The No. 1 Song was preceded by a “number one, one, one, one” jingle that built the excitement. The jocks would talk about how songs were on the way up or down – the same way college football analysts talk about the AP Coaches Poll. The chart itself was simply part of the reason Top 40 radio was exciting, and the “No. 1 song coming up” was a reason to stay tuned. Somehow, over the years, Radio has largely dropped this once-essential part of its programming.
But America is still obsessed with “No. 1,” and it was radio that practically invented this obsession. Stations were building up the “No. 1 Song” in the ’60s, back when weekly box office grosses rarely ventured beyond the pages of Variety. Besides local radio highlighting its No. 1 single, there was also “American Top 40,” likely a formative experience for many of those reading this article. Now, there are consumer press stories on the No. 1 box-office movie in America well before the weekend is over, with studio executives working furiously to explain why not being No. 1 was still a win for their film, (or why being No. 1, but with a lower gross than expected was alright). The consumer press tells us the No. 1 album, the top-selling DVD and the top movie rental.
If you had to choose a moment when the No. 1 single started to lose its potency, it was probably the early ’90s. And, ironically, it may have been because music charts became more credible. While it had already been decades since any station’s No. 1 song consistently rotated in its own category, as it did at WABC, the switch from reported to monitored airplay also helped underscore that most stations didn’t have a true No. 1 song, but three to nine powers receiving relatively equal rotation. As monitored airplay took hold, even reported playlists stopped featuring a subjectively chosen No. 1 record, in favor of a handful of songs tied at the top.
….And it’s not hard to take advantage of your station’s No. 1 song. Your jocks are already front-selling it, just not to maximum effect. There are probably jocks still identifying “Baby Boy” as “the new one from Beyonce and Sean Paul,” even after three months on the radio. “This song is going for a third week at No. 1 when the new chart is unveiled tomorrow” says a lot more. Staging the No. 1 song is as simple as cutting one new piece of production – which could very well tie in with the “No. 1 Hit Music Station” or “No. 1 for Hip-Hop and R&B” imagery that many stations are using already.
All those station drops about being “No. 1,” by the way, emphasize just how much power that concept still has with listeners.
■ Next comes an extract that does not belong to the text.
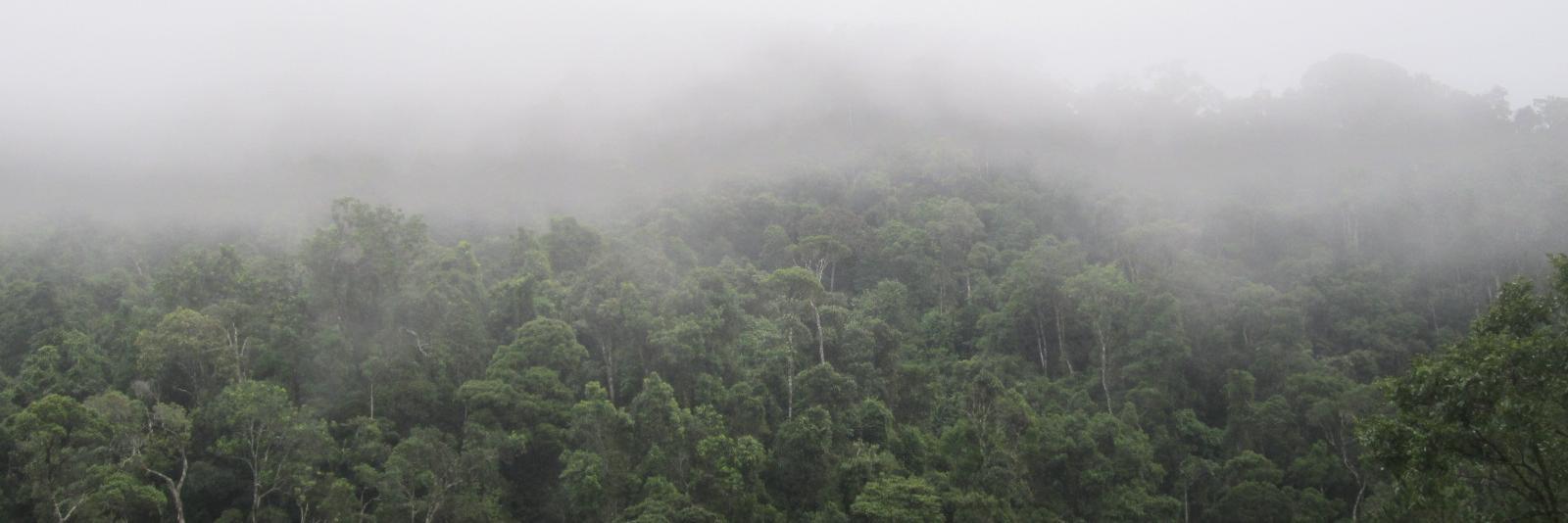 GERPmadagascar's profile banner image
No station has a liner about being “No. 2 overall, but No. 1 in demo.” Programmers clearly understand the power of being No. 1, but they haven’t necessarily put it to work for their own product, particularly at a time when that product could use some on-air bolstering. [Edison Media Research]
I vividly remember my L.A. childhood in the ’60s listening to KHJ (“Boss Angeles”) when Top 40 was amazingly powerful and eclectic. I used to pore over the charts and Number 1 was always written in BIGGER PRINT. For good or for ill we are now hopelessly fragmented.